FIG. 4 is a plot showing a polyphase decomposition that can be used in a multi-component telemetry system, in accordance with the present disclosure.

FIG. 5 is a plot showing a wavelet/multiscale decomposition that can be used in a multi-component telemetry system, in accordance with the present disclosure.

FIG. 6 is a plot showing a Fourier decomposition that can be used in a multi-component telemetry system, in accordance with the present disclosure.

FIG. 7 is a plot showing two constituent waveforms and their sum, in accordance with the present disclosure.

FIG. 8 is a flowchart showing the steps of an exemplary embodiment of a multi-component telemetry system, in accordance with the present disclosure.

FIG. 9A is a schematic drawing of an embodiment of a carrier signal modulator in a multi-component telemetry system, in accordance with the present disclosure.

FIG. 9B is a schematic drawing of an embodiment of a first flow area control modulator in a multi-component telemetry system, in accordance with the present disclosure.

FIG. 9C is a schematic drawing of an embodiment of a second flow area control modulator in a multi-component telemetry system, in accordance with the present disclosure.

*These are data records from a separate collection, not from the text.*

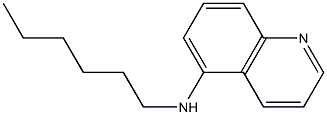 N-hexylquinolin-5-amine Structure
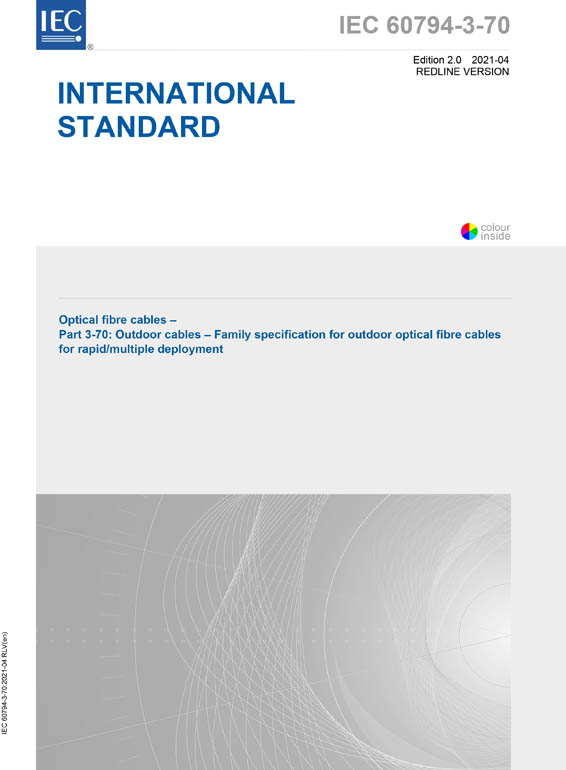Cover IEC 60794-3-70:2021 RLV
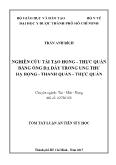 Tóm tắt Luận án Nghiên cứu tái tạo họng - Thực quản bằng ống dạ dày trong ung thư hạ họng - Thanh quản - Thực quản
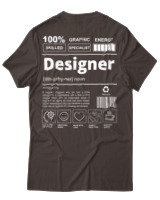 T-Shirt Αντρικό - Designer - Color Thumbnail Καφέ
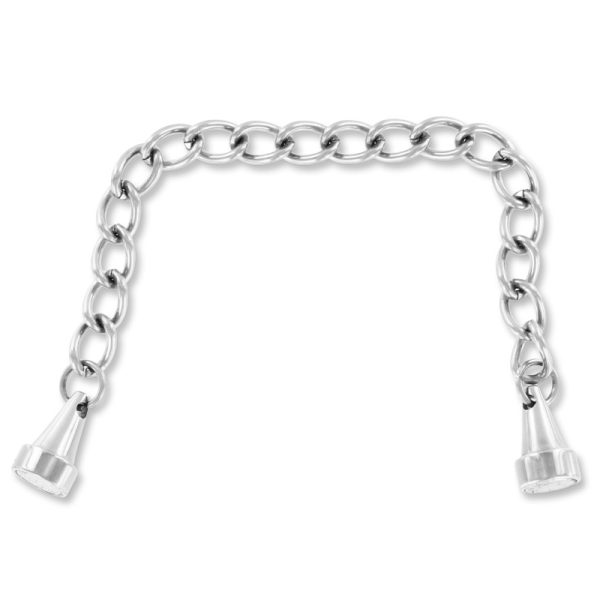 Brushed Steel Mini Magnetic Nipple Pincher x1 BondageBox UK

FIG. 10A is a schematic drawing of an embodiment of a multi-component telemetry system with synchronization, in accordance with the present disclosure.

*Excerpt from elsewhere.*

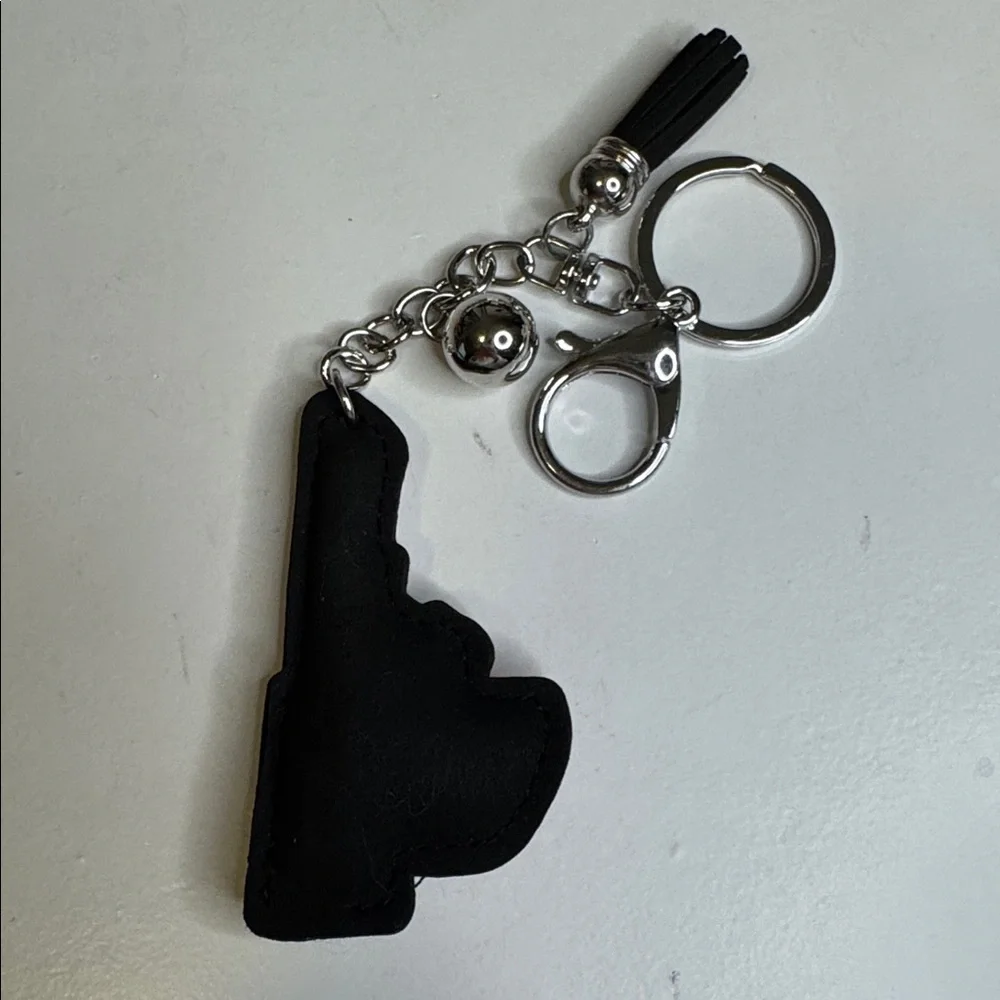 Red and Black Lipstick Keychain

FIG. 10B is a schematic drawing of an embodiment of a multi-component telemetry system with synchronization, in accordance with the present disclosure.

FIG. 10C is a schematic drawing of an embodiment of a multi-component telemetry system with synchronization, in accordance with the present disclosure.

FIG. 10D is a schematic drawing of an embodiment of a multi-component telemetry system without synchronization, in accordance with the present disclosure.

DETAILED DESCRIPTION

Some embodiments will now be described with reference to the figures. Like elements in the various figures will be referenced with like numbers for consistency. In the following description, numerous details are set forth to provide an understanding of various embodiments and/or features. However, it will be understood by those skilled in the art that some embodiments may be practiced without many of these details and that numerous variations or modifications from the described embodiments are possible. As used here, the terms “above” and “below”, “up” and “down”, “upper” and “lower”, “upwardly” and “downwardly”, and other like terms indicating relative positions above or below a given point or element are used in this description to more clearly describe certain embodiments. However, when applied to equipment and methods for use in wells that are deviated or horizontal, such terms may refer to a left to right, right to left, or diagonal relationship as appropriate.

FIG. 1 illustrates a well site in which various embodiments of a telemetry system having a wider bandwidth than prior art systems can be employed. The well site can be onshore or offshore. In this exemplary system, borehole 30 is formed in subsurface formations by rotary drilling in a manner that is well known. Some embodiments can also use directional drilling.

Current mud pulse mechanical modulators are limited in their (rotational) motion velocities. As a result, the bandwidth of the telemetry signal generated is also limited. In many cases it is desirable to generate a wide bandwidth signal. However, it is believed that using a modulator at a higher rotational velocity will increase wear and reduce reliability.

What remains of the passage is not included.